I told him where my office was, and we said good-by and hung up. Hocking back in my chair, I elevated my feet again and closed my eyes. Faith Salem was still lying in the sun. I watched her for a few moments and then opened my eyes and lit a cigarette and began thinking about Regis Lawler. I didn’t accomplish much by this, for I didn’t have much material for thought to start with. I had met him casually a few times quite a while ago, in this or that place we had both gone to, but most of what I knew about him was incidental to what I knew about his brother, who was older and generally more important and had more about him worth knowing.

The brother’s name was Silas. After long and precarious apprentice years in a number of illegal operations, he had begun slowly to achieve a kind of acceptance, even respectability, that increased in ratio to the measure of his security. Now he was the owner of a fine restaurant. At least, it was a restaurant among other things, and it was that equally, if not primarily.
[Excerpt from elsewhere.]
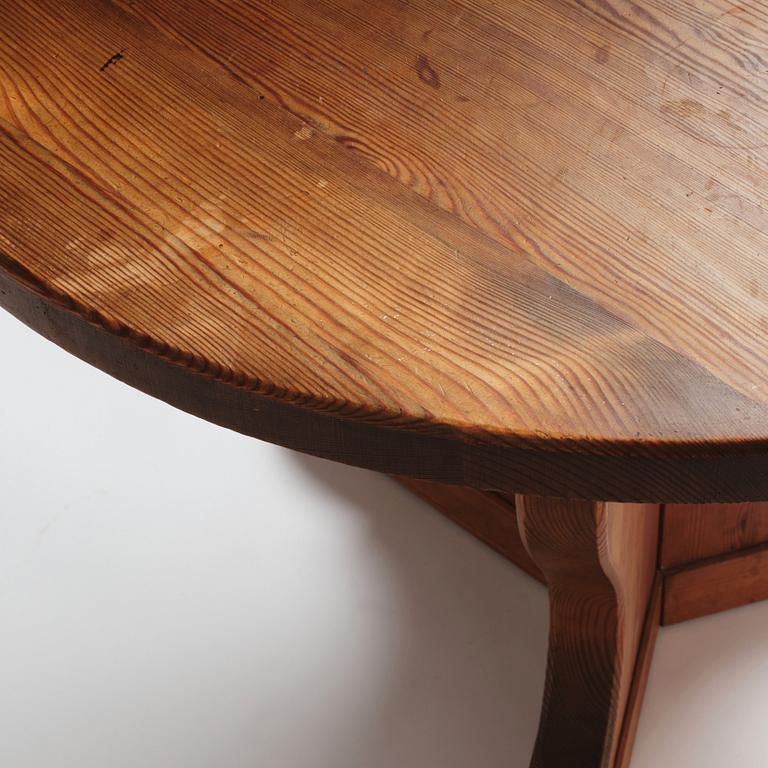 Nordiska Kompaniet, a stained pine circular top 'Lovö' table, ca 1941.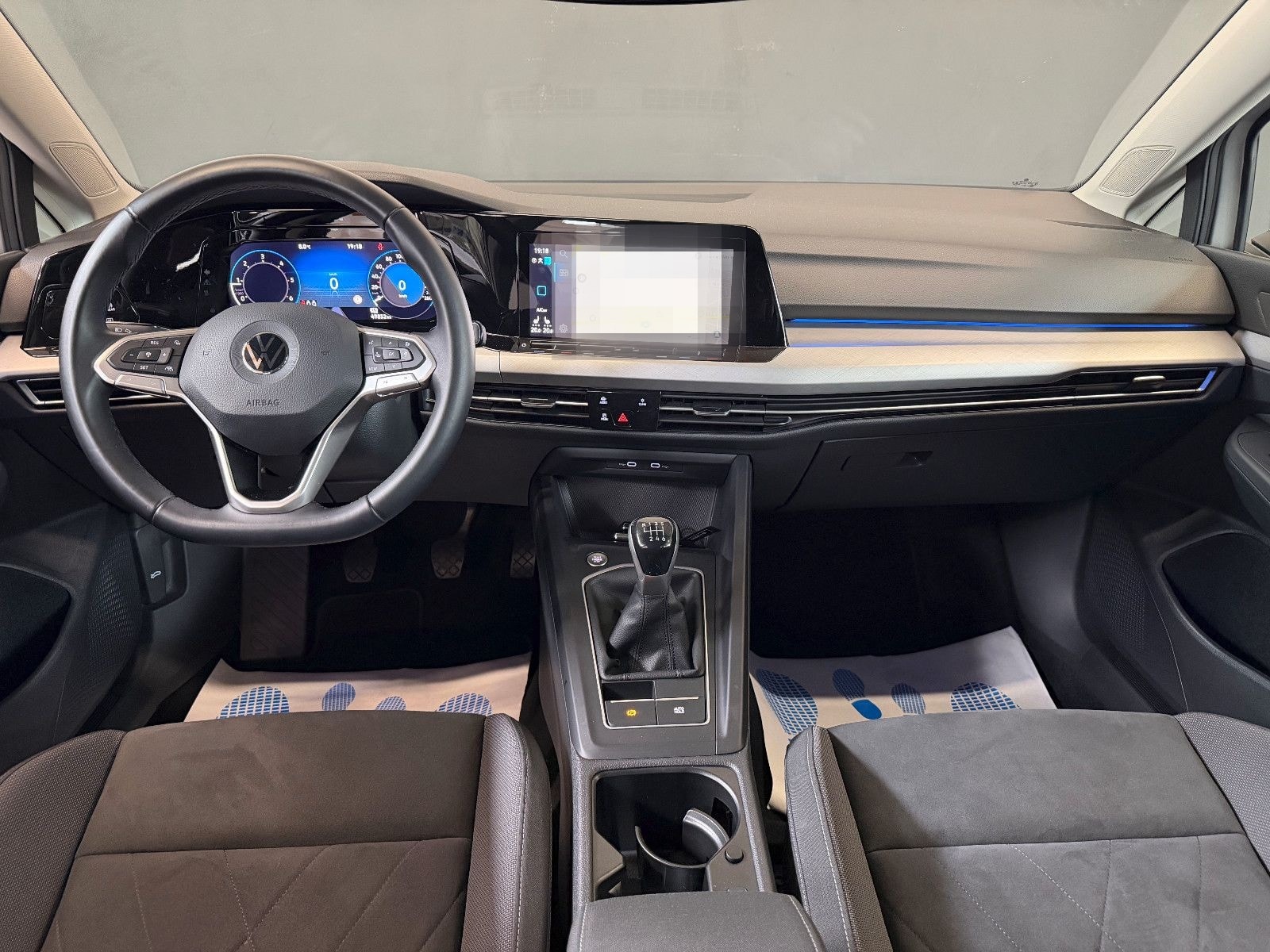 Volkswagen Golf 2.0 TDI Life/KAMERA/PDC/LED/ACC/NAVI/1.Hand foto 13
When you went there, it was assumed that you had come for good food, and that’s what you got. You got it in rich and quiet surroundings to the music of a string quartet that sometimes played Beethoven as well as Fritz Kreisler and Johann Strauss. The chefs were the best that Lawler could hire, and the best that Lawler could hire were as good as any and better than most. On the correct principle that good food should tolerate no distractions, the service was performed by elderly colored waiters who were artists in the difficult technique of being solicitous without being obtrusive.

If you wanted distractions, you went downstairs, below street level. This was known as the Apache Room, a little bit of the Left Bank transplanted, and it was phony and made no pretense of being anything else, and it was frankly for people who liked it that way. There were red-checked cloths on the tables, pretty girls with pretty legs who serviced the tables, a small orchestra with the peculiar quality that is supposed to be peculiarly Parisian, and murals all around the wails of girls in black stockings doing the can-can alternating with other murals of other girls being maltreated by Apaches and always showing quite a lot of one white thigh above a fancy garter in the deep slit of a tight skirt.

On the floor above the restaurant, up one flight of carpeted stairs, you could go to gamble if you chose. In a series of three large rooms muffled in drapes and carpets, you could play roulette or poker or blackjack or shoot dice, and sometimes you might even win at one or the other or all, but more often, of course, you lost and were expected to lose graciously. If you did not, as sometimes happened, you were escorted outside by a brace of hard-handed gentlemen in evening clothes, and you were thereafter persona non grata until you received absolution and clearance from Silas Lawler himself. The games were reputed to be honest, and, all things considered, they probably were.

In the basement, you could dance and make moderate love and get drunk, if you wished, on expensive drinks. In the restaurant, you did not get drunk or dance or make love or look at naughty murals. In the game rooms, you gambled quietly with no limit except your own judgment and bank account, and you saved everything else for some other place and some other time. Patrons passed as they pleased from one level to another, but the atmosphere was never permitted to go with them. The basement never climbed the stairs, nor did the upper floors descend.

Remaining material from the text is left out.